DE19542706A1 - Catalytic burner - Google Patents

Abstract

The catalytic burner converts a combustion gas and air mixture without flame on the catalytically coated heat exchange surface of a catalyser tube. The heat exchange surface is divided into catalytically coated active zones (1) and inactive zones (2) which are not catalytically coated. The inactive zones may lie in the inflow region of the heat exchange surface. The size of the inactive zones is continuously being deducted from the inflow zone. The inactive zones may be embedded in the active zones or project into them.

Description

The invention relates to a catalytic burner according to the preamble of claim 1.

Catalytic burners are used for the flameless conversion of a fuel gas Air mixture at relatively low temperatures. The Ge mix past a catalytically coated heat exchanger surface tet, which is first by a start burner with an open flame on the be required starting temperature of about 350 ° C was brought. From the start Then there is only the flameless implementation with extremely environmental friendly emission values.

During investigations it was determined that the length of the heat rope an uneven temperature distribution can occur.

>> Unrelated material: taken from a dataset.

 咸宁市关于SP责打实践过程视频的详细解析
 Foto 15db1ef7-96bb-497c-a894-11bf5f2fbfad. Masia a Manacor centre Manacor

Each Depending on the mixture potential, local overheating can occur. This is especially the case in the inflow area of the heat exchanger surface rend the end region have a relatively low temperature level can. Such an uneven temperature distribution affects the Quality of implementation of the fuel gas-air mixture and in particular negatively affects the life of the entire catalyst stage.  

The invention has for its object over the entire heat exchanger to achieve the most uniform possible temperature distribution.

The catalytic burner according to the invention has the in claim 1 mentioned features.

The catalytic conversion of the fuel gas-air mixture is set in the desired manner by dividing the heat exchanger surface into coated, active zones and non-coated, inactive zones. The cooled, inactive zones absorb the radiated heat and transfer it to the cooling medium on the opposite side of the heat exchanger surface, for example heating water. The radiant heat exchange can be influenced via the emission coefficients. At the level of the heat exchanger surface there is a balance between the energy released by the catalysis in the coated zones and the radiated heat dissipated, the radiant heat that can be dissipated being limited by the already realized emission coefficient of almost 1 .

Through a targeted selection of the ratio of the inactive, blast the surfaces become active, catalytically active surfaces aspired to achieve an even temperature distribution. Especially The arrangement of many small inactive areas is suitable for this. Since that Fuel gas-air mixture in the inflow area of the heat exchanger surface, d. H. at the entrance to the catalyst tube, which has the greatest energy potential, Experience has shown that temperature peaks occur here. So it recommends themselves to arrange the inactive zones here to order the catalytic Um  prevent settlement and only dissipate the radiant heat achieve. In principle, however, these zones can be anywhere where there is a risk of excessive temperature formation.

The inactive zones can be from the inflow end of the heat exchanger surface continuously decreasing starting to an exact adjustment to the To achieve ratios. They can also be embedded in the active zones or be designed in strips. The recommended location, size and Training can be determined through practical test series.

The drawing shows the plan view of two Wärmetau shear surfaces in Figs. 1 + 2.

The heat exchanger surface is divided into catalytically coated, active zones 1 and non-coated, inactive zones 2 . The latter are preferably located in the inflow area, in which, if the catalytic reaction occurs immediately, excessive temperatures would otherwise occur. They are not used to convert the fuel gas-air mixture, but only to dissipate the radiant heat to the cooling medium on the opposite side of the heat exchanger surface.

Claims (5)

1. Catalytic burner for flameless implementation of a combustion gas-air mixture on a catalytically coated Wärmetauscherflä surface, in particular a catalyst tube, characterized in that the heat exchanger surface in the interest of a uniform temperature distribution in catalytically coated, active zones ( 1 ) and not catalytically coated, inactive zones ( 2 ) is broken down. 2. Catalytic burner according to claim 1, characterized in that the inactive zones ( 2 ) lie in the inflow area of the heat exchanger surface. 3. Catalytic burner according to claim 1, characterized in that the size of the inactive zones ( 2 ) from the flowing to the heat exchanger surface decreases continuously starting. 4. Catalytic burner according to claims 1 and 2, characterized in that the inactive zones ( 2 ) are embedded in the form of non-catalytically coated surfaces in the active catalytically coated zone ( 1 ). 5. Catalytic burner according to claims 1 and 2, characterized in that the inactive zones ( 2 ) protrude in the form of non-catalytically coated flat strips from the inflow end of the heat exchanger surface into the active, catalytically coated zone ( 1 ).